Sa première fiction, Je t'ai dans la peau , ne pus sortir qu'en 1990, dans un contexte politique radicalement différent. Après Génération Hip Hop ou Le Mouv des Z.U.P. (1995) et Faire Kifer les anges (1996), on comprend mieux la profonde nostalgie qui traverse On n'est pas des marques de vélo (2002). En fait, à travers l'oeuvre de Jean-Pierre Thorn, entre la rage et l'amertume, perce une nostalgie violente ou secrète qui reflète des moments perdus et inachevés : la grève qu'on aurait pu gagner si..., la carrière qu'il aurait pu faire si... Sous ce discours implicite se cachent sans doute les propres fêlures du réalisateur : la Révolution ou les grèves qu'on aurait dû gagner, les autres films que j'aurais dû faire... Mais c'est justement dans cette nostalgie et dans cette amertume, dans cet entre-temps, que s'est construite l'oeuvre du cinéaste. 
 
Les titres-mêmes de ses trois principaux documentaires renvoient d'ailleurs aux évolutions de notre époque : d'une attitude de conquête de la classe ouvrière (ou de ceux qui veulent être ses héraults) à une attitude défensive, d'une attitude de défense de cette classe ouvrière autrefois fantasmée et aujourd'hui si malmenée, à une tentative de survie des jeunes des milieux populaires . A l'intérieur-même de son oeuvre, Jean-Pierre Thorn, lui-même monteur, excelle dans certains de ses films, par les temps qu'il instaure. Oser lutter, oser vaincre, dont le montage est pétri des théories d'Eisentein, est ainsi, au-delà même du pamphlet (très) dogmatique, une superbe fresque épique.
 
Entre-temps Jean-Pierre Thorn a effectivement connu le temps du travail en usine, et si sa sincérité reste toujours absolue, il a grandement gagné en qualité d'écoute, de dialogue et d'observation - gages indispensables du travail documentaire.
 
 Entre les deux espaces-mondes, entre l'usine réinvestie par les ouvriers et l'extérieur menaçant où pointent les jaunes et les CRS, percent toujours la nostalgie d'une contre-attaque quasi-militarisée, la fiction et la tentation d'une organisation de la violence, d'une reconquête du monde au delà des barrières physiques et symboliques.
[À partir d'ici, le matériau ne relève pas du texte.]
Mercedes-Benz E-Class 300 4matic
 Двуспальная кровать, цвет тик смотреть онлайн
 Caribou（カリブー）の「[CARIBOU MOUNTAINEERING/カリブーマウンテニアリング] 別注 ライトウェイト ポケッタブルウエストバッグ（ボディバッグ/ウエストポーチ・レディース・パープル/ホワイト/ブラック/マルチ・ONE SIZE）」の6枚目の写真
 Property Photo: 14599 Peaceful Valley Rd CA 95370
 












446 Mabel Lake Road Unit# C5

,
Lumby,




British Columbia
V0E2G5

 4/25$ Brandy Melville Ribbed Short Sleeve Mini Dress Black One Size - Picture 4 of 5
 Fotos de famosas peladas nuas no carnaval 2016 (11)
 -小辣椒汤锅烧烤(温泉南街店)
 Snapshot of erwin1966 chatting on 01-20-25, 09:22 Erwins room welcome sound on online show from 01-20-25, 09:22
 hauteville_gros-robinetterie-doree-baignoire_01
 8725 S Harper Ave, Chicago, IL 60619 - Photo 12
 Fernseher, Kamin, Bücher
Le monde des usines et des ateliers, c'est celui des pères des enfants du hip-hop qui, eux, ont pour horizon les barres HLM, les grilles et les passerelles des RER, les toits et les caves des grands ensembles. Toute l'oeuvre de Jean-Pierre Thorn tend ainsi à reconquérir et élargir les espaces, à casser les murs, à remonter et rattraper le temps perdu. 
 
En fait, si certains films de Jean-Pierre Thorn sont sortis à contretemps, le cinéaste et le citoyen ont souvent été en symbiose avec leur époque, parfois en avance sur celle-ci. Au début des années 80, alors qu'il est permanent syndical de la section audiovisuelle de la CFDT (avant d'être écarté de la confédération), il est un des premiers à s'intéresser à la création vidéo en relation avec les comités d'entreprise. Il organise également, en réussissant à faire collaborer la CGT et la CFDT sur Nantes et Saint-Nazaire, un festival de vidéo des organisations ouvrières. 
Jean-Pierre Thorn est ainsi de ceux qui prouvent, par leurs actes et par leurs films, même s'il n'aime guère l'expression, que les mots "cinéastes" et"militants" ne sont parfois pas incompatibles. Au contraire.